*RECORDS*
☆ ☆ ☆ ☆ ☆

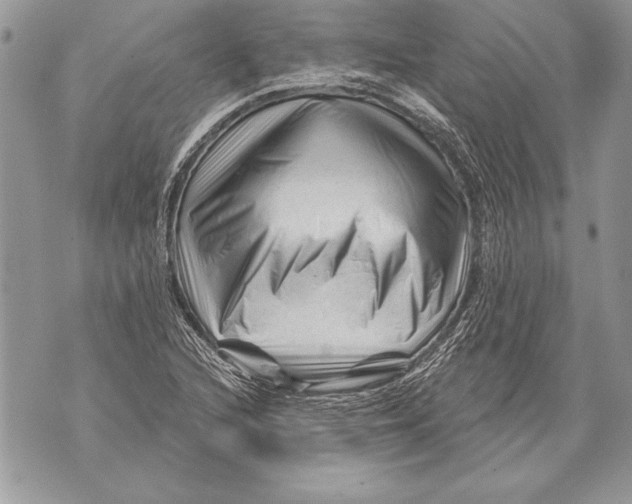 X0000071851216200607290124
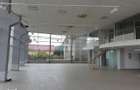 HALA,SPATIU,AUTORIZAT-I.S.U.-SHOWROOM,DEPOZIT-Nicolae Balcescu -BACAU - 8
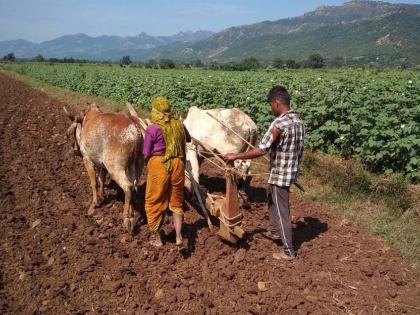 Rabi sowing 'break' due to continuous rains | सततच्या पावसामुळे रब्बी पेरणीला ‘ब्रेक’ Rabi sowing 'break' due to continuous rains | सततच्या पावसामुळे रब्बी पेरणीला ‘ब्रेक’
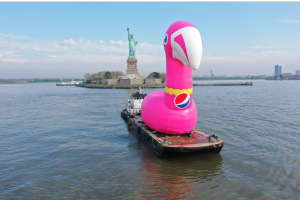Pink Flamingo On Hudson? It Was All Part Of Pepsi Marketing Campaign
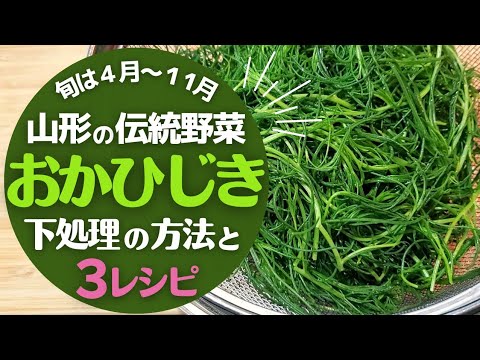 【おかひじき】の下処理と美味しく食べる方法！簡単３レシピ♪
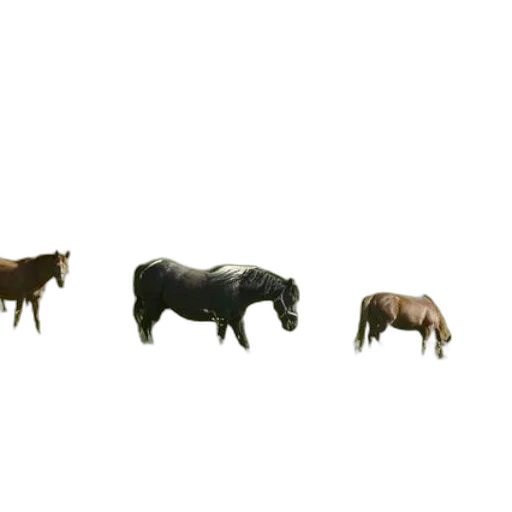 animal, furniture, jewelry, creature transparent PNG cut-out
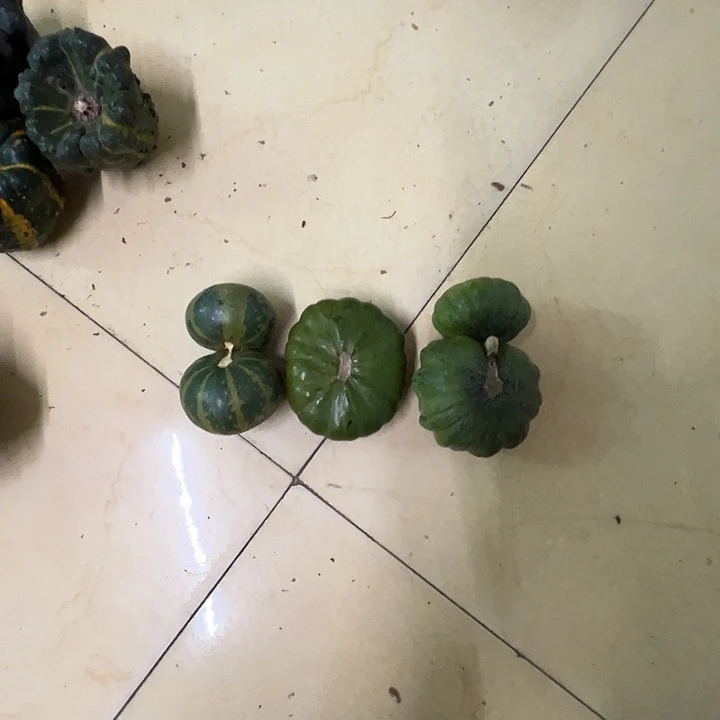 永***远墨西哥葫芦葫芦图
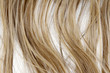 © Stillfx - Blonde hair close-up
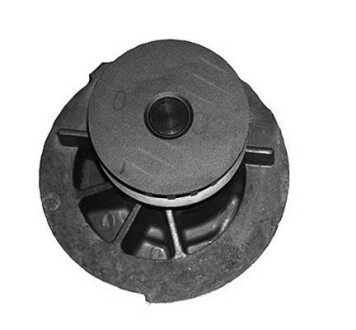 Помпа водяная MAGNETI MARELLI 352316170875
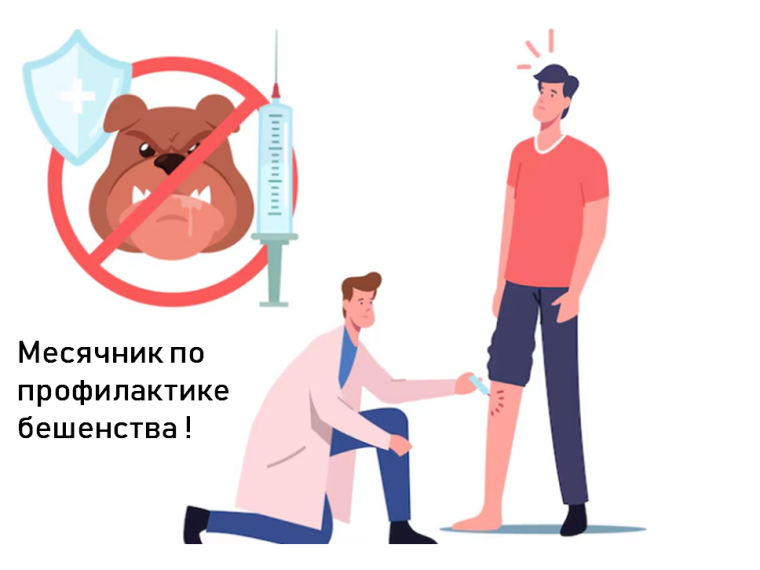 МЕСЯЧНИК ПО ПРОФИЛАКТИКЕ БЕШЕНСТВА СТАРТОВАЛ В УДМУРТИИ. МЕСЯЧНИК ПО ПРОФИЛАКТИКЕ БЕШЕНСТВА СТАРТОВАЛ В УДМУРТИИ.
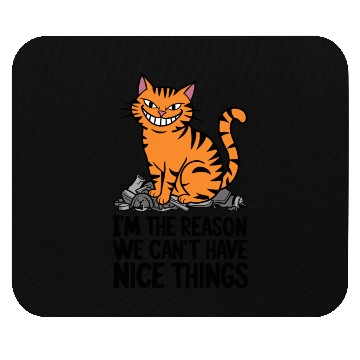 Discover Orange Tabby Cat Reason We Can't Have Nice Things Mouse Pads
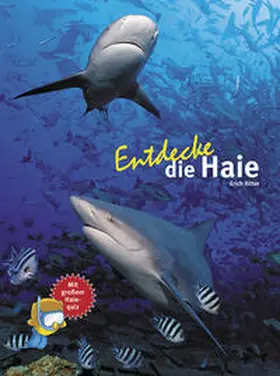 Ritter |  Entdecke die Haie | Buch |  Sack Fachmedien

☆ ☆ ☆ ☆ ☆

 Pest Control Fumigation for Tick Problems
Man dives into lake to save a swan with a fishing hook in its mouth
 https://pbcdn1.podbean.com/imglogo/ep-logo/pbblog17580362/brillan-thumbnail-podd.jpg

☆ ☆ ☆ ☆ ☆

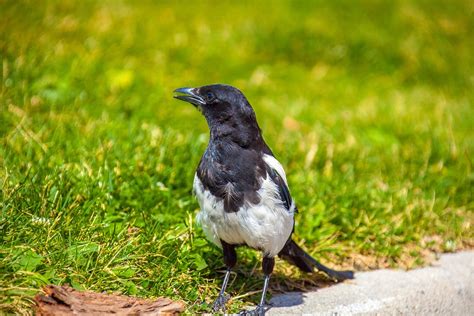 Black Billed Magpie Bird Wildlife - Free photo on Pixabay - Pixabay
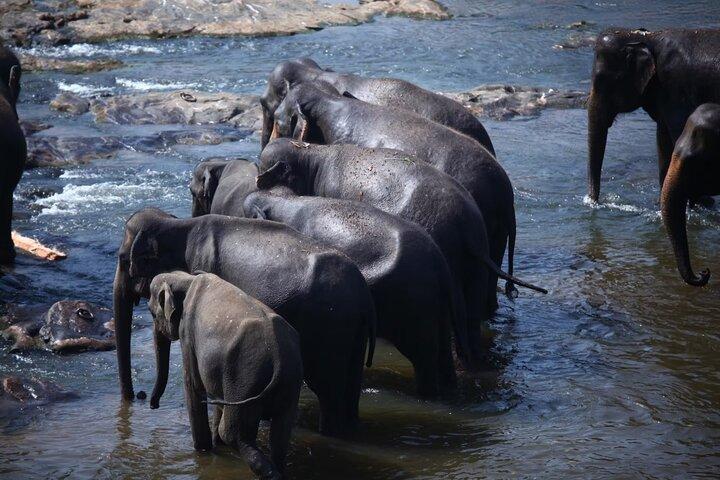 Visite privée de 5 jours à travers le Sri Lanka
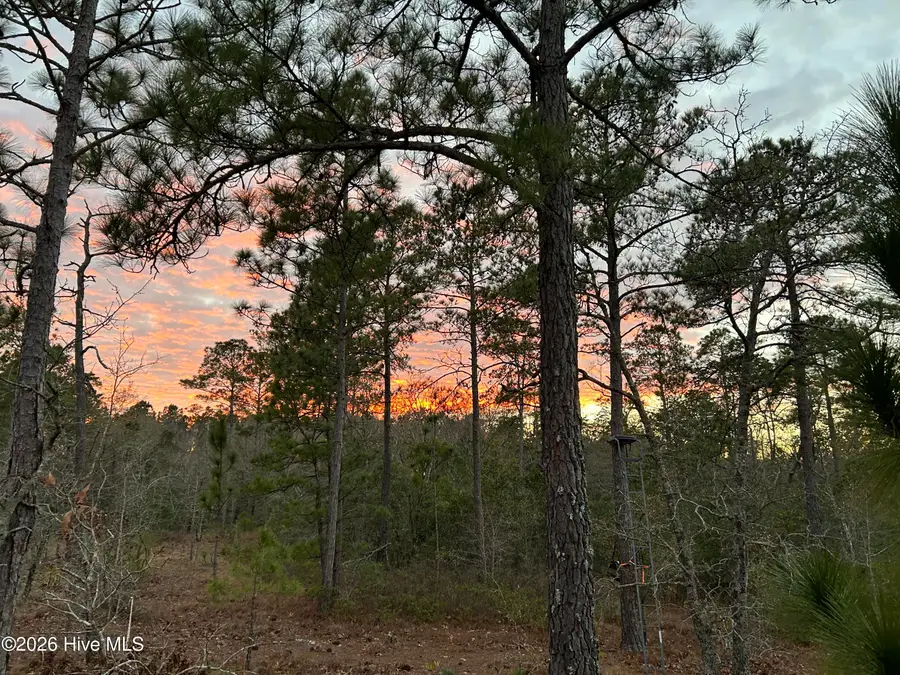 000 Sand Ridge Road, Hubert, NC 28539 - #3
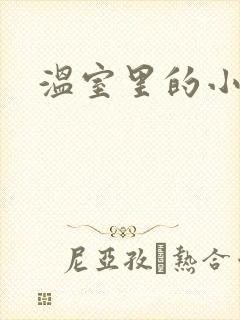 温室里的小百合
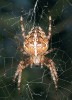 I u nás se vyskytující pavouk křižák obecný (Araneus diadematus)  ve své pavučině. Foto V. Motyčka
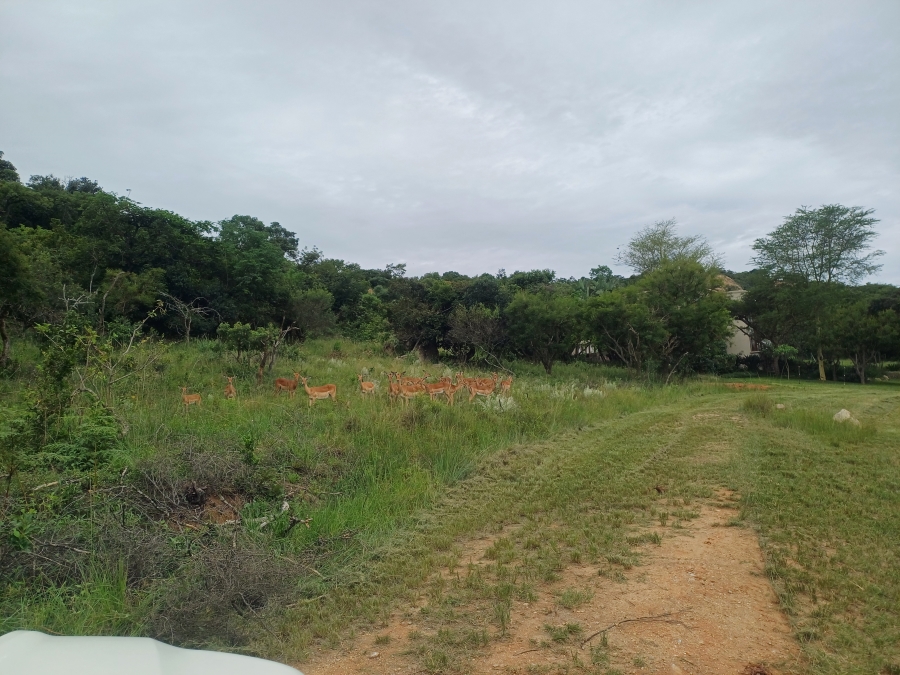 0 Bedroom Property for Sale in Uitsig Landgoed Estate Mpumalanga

☆ ☆ ☆ ☆ ☆

Above are some records. Reproduce the lines from the one with "X0000071851216200607290124" down to the one with "Entdecke die Haie", keeping both, and leave every picture out.

*RESULT OF THIS EXERCISE*
 X0000071851216200607290124
 HALA,SPATIU,AUTORIZAT-I.S.U.-SHOWROOM,DEPOZIT-Nicolae Balcescu -BACAU - 8
 Rabi sowing 'break' due to continuous rains | सततच्या पावसामुळे रब्बी पेरणीला ‘ब्रेक’ Rabi sowing 'break' due to continuous rains | सततच्या पावसामुळे रब्बी पेरणीला ‘ब्रेक’
Pink Flamingo On Hudson? It Was All Part Of Pepsi Marketing Campaign
 【おかひじき】の下処理と美味しく食べる方法！簡単３レシピ♪
 animal, furniture, jewelry, creature transparent PNG cut-out
 永***远墨西哥葫芦葫芦图
 © Stillfx - Blonde hair close-up
 Помпа водяная MAGNETI MARELLI 352316170875
 МЕСЯЧНИК ПО ПРОФИЛАКТИКЕ БЕШЕНСТВА СТАРТОВАЛ В УДМУРТИИ. МЕСЯЧНИК ПО ПРОФИЛАКТИКЕ БЕШЕНСТВА СТАРТОВАЛ В УДМУРТИИ.
 Discover Orange Tabby Cat Reason We Can't Have Nice Things Mouse Pads
 Ritter |  Entdecke die Haie | Buch |  Sack Fachmedien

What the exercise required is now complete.